Composting with worms (or creating any kind of compost) requires you to maintain a balance between organic matter high in nitrogen (which includes most food) and organic matter rich in carbon (paper, wood, leaves, etc.) It's also important to keep the soil moist for the worms. Our worm bin has several layers. We put food scraps in at the top, and as we put more food in, the worms tend to move towards the top to eat the food. When the top layer gets full, we take the bottom layer out (which is basically humus at this point) and use it to fertilize the plants in our garden, and then put the bin on top of the previously-top layer, to allow us to begin a new layer. The material the worms leave behind is rich in nutrients for plants, helps improve the structure of the soil, and is an excellent natural fertilizer. The liquid residue from the process of vermicomposting is also a valuable resource and can be used to make compost "tea." Despite the name, it's not for drinking. We use it in our aquaponic greenhouse as a foliar spray to guard against certain pests and as a fertilizer. It's a very useful by-product of vermicomposting, and terrific stuff!

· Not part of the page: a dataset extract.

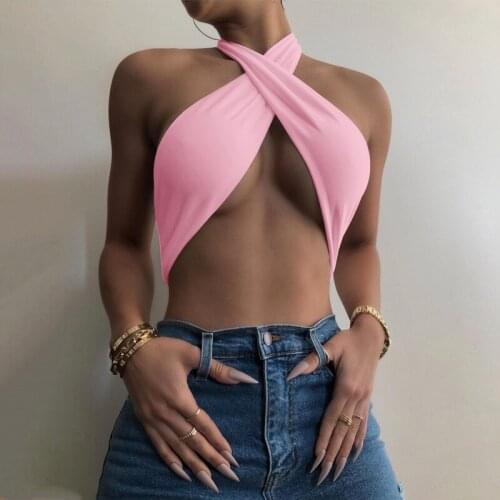 Women Summer Crop Tops Solid Color Lacing Halter Neck Sleeveless Backless Tank Tops for Girls Pink/Yellow/Grey/Black/White/Khaki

Growing Power in Milwaukee is an organization that is a pioneer in the use of vermicompost. They have two methods of doing this: the first way is through the use of a layered worm bin, similar to ours. The people at Growing Power check on the worm bins daily to make sure there's enough food for the worms, and at the end of a 12-week period, they put a new layer on and feed the worms more food. The other method used is compost piles, which contain bedding materials for the worms as well as food scraps for the worms to feast on.
I'd encourage others to have a worm composter in their home if they're interested. They're a great way to help the environment while getting back fertilizer in return.